------ The records ------

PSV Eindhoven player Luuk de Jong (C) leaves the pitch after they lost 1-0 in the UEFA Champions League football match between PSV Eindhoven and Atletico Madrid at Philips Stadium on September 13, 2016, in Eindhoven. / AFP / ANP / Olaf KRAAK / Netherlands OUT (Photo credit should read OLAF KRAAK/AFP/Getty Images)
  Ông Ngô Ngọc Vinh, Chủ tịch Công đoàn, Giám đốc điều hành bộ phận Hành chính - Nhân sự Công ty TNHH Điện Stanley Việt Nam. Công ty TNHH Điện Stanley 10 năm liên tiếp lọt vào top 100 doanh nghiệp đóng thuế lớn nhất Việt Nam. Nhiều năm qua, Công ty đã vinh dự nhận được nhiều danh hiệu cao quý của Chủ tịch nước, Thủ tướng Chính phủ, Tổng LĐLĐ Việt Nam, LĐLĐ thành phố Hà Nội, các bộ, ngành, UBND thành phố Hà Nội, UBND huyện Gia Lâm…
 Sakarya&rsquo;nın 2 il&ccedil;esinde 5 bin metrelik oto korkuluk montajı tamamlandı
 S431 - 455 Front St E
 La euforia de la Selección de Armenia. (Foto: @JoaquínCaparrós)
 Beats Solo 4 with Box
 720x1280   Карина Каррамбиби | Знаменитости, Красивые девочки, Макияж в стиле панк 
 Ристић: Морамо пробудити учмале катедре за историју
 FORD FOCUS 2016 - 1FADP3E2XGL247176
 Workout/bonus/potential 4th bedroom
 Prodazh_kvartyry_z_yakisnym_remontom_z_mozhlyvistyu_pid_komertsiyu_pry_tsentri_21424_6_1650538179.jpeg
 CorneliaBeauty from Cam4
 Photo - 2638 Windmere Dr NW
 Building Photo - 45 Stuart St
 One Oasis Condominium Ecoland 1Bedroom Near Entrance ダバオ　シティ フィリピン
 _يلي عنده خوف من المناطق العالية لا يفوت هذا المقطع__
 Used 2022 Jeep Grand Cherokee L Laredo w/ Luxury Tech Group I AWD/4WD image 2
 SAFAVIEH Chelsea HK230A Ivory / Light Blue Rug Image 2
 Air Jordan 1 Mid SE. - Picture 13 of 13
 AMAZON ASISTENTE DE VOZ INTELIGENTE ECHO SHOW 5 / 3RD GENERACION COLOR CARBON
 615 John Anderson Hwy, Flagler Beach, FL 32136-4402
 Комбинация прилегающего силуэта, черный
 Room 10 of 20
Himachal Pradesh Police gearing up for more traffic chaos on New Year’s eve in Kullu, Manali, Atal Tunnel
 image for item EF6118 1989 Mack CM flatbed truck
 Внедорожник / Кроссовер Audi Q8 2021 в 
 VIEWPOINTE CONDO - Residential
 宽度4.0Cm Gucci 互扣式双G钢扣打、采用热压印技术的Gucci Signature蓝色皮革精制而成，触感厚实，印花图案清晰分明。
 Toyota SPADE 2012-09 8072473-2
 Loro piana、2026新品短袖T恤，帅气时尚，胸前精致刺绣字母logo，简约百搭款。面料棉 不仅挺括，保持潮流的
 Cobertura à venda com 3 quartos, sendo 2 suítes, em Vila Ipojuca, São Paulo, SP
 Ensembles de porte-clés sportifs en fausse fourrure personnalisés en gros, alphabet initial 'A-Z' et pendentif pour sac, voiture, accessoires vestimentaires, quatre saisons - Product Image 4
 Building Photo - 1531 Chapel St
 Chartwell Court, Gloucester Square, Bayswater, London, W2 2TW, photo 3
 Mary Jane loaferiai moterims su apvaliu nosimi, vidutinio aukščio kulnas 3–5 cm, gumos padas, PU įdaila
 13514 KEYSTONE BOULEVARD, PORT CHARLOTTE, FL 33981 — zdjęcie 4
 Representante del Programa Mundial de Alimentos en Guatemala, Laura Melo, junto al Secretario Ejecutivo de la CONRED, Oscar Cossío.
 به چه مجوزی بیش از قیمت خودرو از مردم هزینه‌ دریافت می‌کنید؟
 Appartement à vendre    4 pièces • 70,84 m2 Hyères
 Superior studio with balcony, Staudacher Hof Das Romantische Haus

------

● Problem statement
Only the lines from the line with "13514 KEYSTONE BOULEVARD, PORT" to the final line of the entries are to be returned, each exactly as written, both ends included.

● Response to the exercise
 13514 KEYSTONE BOULEVARD, PORT CHARLOTTE, FL 33981 — zdjęcie 4
 Representante del Programa Mundial de Alimentos en Guatemala, Laura Melo, junto al Secretario Ejecutivo de la CONRED, Oscar Cossío.
 به چه مجوزی بیش از قیمت خودرو از مردم هزینه‌ دریافت می‌کنید؟
 Appartement à vendre    4 pièces • 70,84 m2 Hyères
 Superior studio with balcony, Staudacher Hof Das Romantische Haus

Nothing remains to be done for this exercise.